All taken from genuine GCSE English exam papers or possible made up by someone who has too much time on there hands. :

- His thoughts tumbled in his head, making and breaking alliances like underpants in a tumble dryer.

- Murphy fell 12 stories, hitting the pavement like a paper bag filled with vegetable soup.

- Her hair glistened in the rain like nose hair after a sneeze.

- Her eyes were like two brown circles with big black dots in the centre

- Her vocabulary was as bad as, like, whatever.

- The politician was gone but unnoticed, like the full stop after the Dr. on a Dr Pepper can.

- John and Mary had never met. They were like two hummingbirds who had also never met.

- The thunder was ominous sounding, much like the sound of a thin sheet of metal being shaken backstage during the storm scene in a play.

- The plan was simple, like my brother Phil. But unlike Phil, this plan might just work.

- The young fighter had a hungry look, the kind you get from not eating for a while.

- Oh, Jason, take me!" she panted, her breasts heaving like a student on 31p-a-pint night.

- He was as lame as a duck. Not the metaphorical lame duck either, but a real duck that was actually lame. Maybe from stepping on a land mine or something.

- Her artistic sense was exquisitely refined, like someone who can tell butter from "I Can't Believe It's Not Butter."

- She had a deep, throaty, genuine laugh, like that sound a dog makes just before it throws up.

- It came down the stairs looking very much like something no one had ever seen before.

- It was a working class tradition, like fathers chasing kids around with their power tools.

- He was deeply in love. When she spoke, he thought he heard bells, as if she were a dustcart reversing.
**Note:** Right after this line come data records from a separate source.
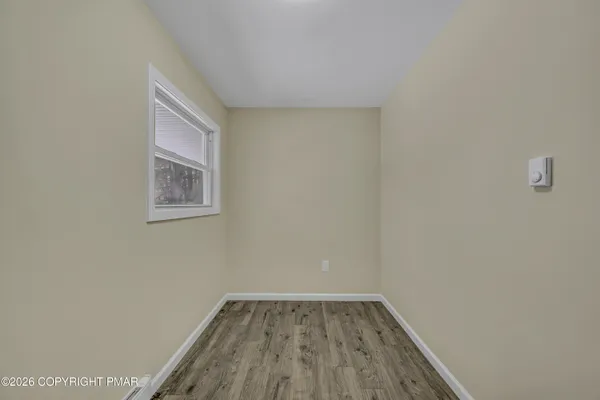 a view of an empty room with wooden floor and a window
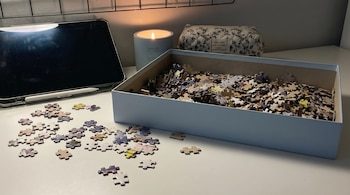 Mesa blanca con caja de rompecabezas, piezas esparcidas, tableta negra con lápiz digital, vela encendida y estuche floral en un ambiente tenue.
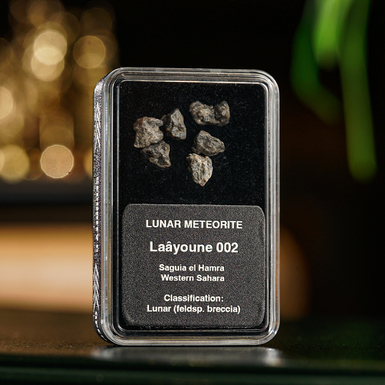 Certified lunar meteorite "Laâyoune 002 LANS 0036", 1.03 g (Western Sahara)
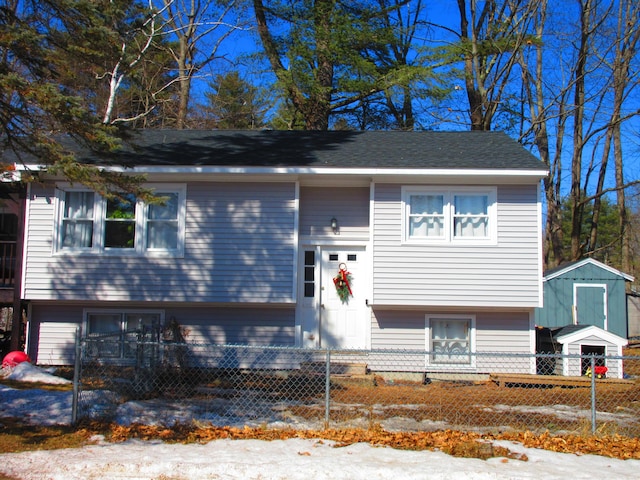 bi-level home featuring an outdoor structure, a shed, and a fenced front yard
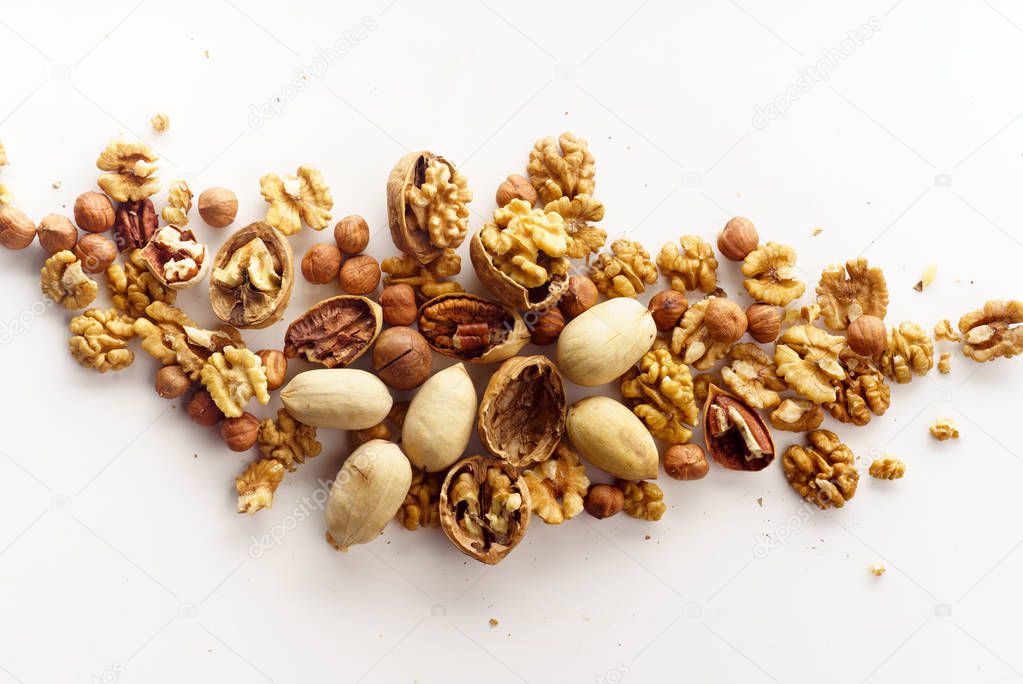 group of nuts with nutshells isolated on white background, close-up, top view 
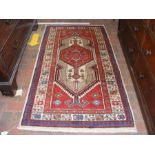 A Persian red ground rug with geometric design - 1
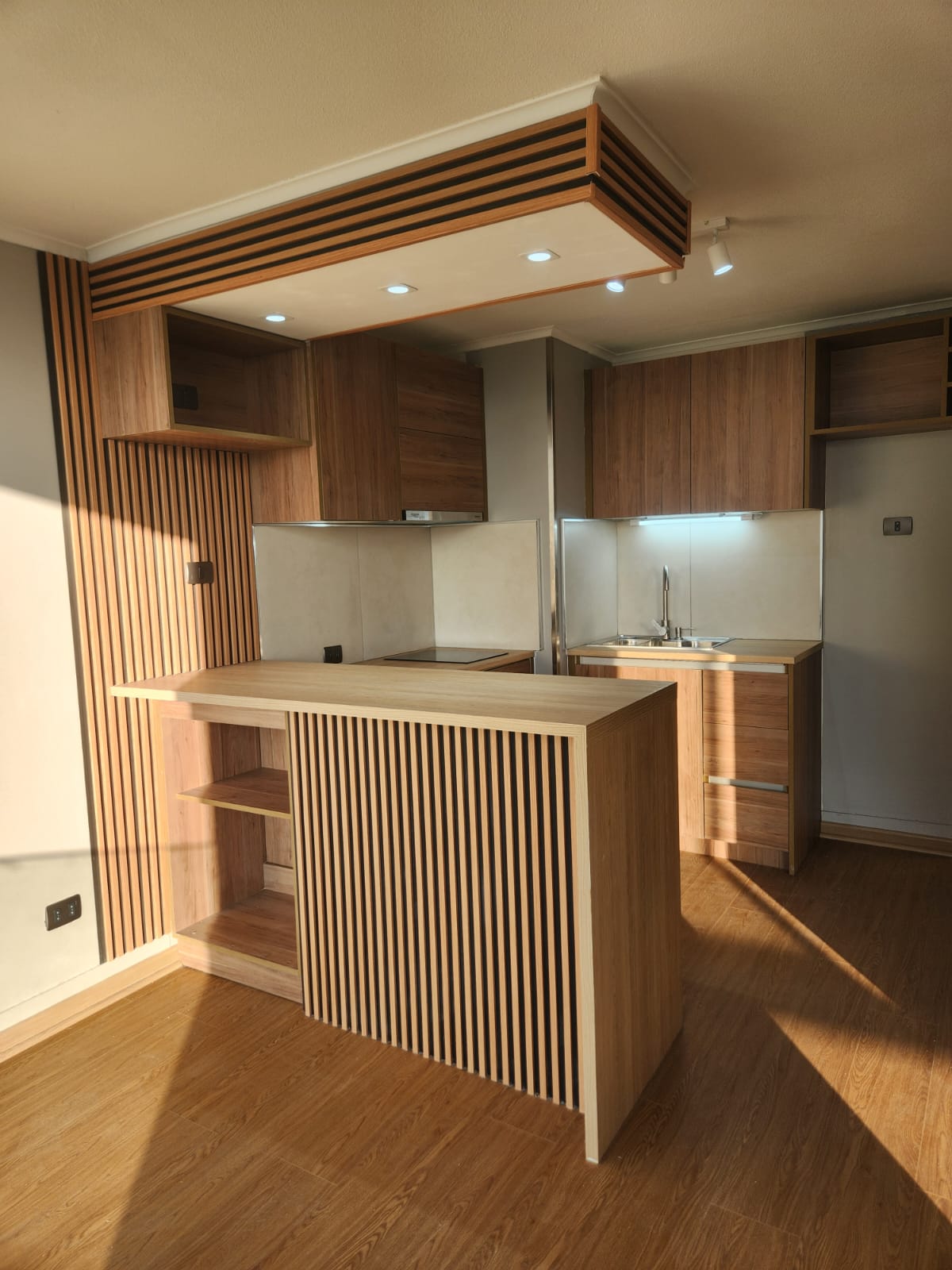 Cocina con isla de madera y detalles de listones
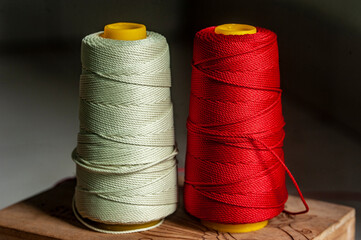 Close-Up of Spools of White and Red Thread on a Wooden Surface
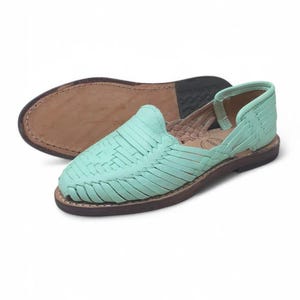 May include: Mint green leather huaraches with woven straps. The flat sole is brown with a stitched edge. The second shoe is upside down, showing the sole. The shoes are a casual style.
- She grew on him like she was a colony of E. coli and he was room-temperature British beef.

- She walked into my office like a centipede with 98 missing legs.

- Her voice had that tense, grating quality, like a first-generation thermal paper fax machine that needed a band tightened.

- It hurt the way your tongue hurts after you accidentally staple it to the wall.


----------



## TTotal

Ace !


----------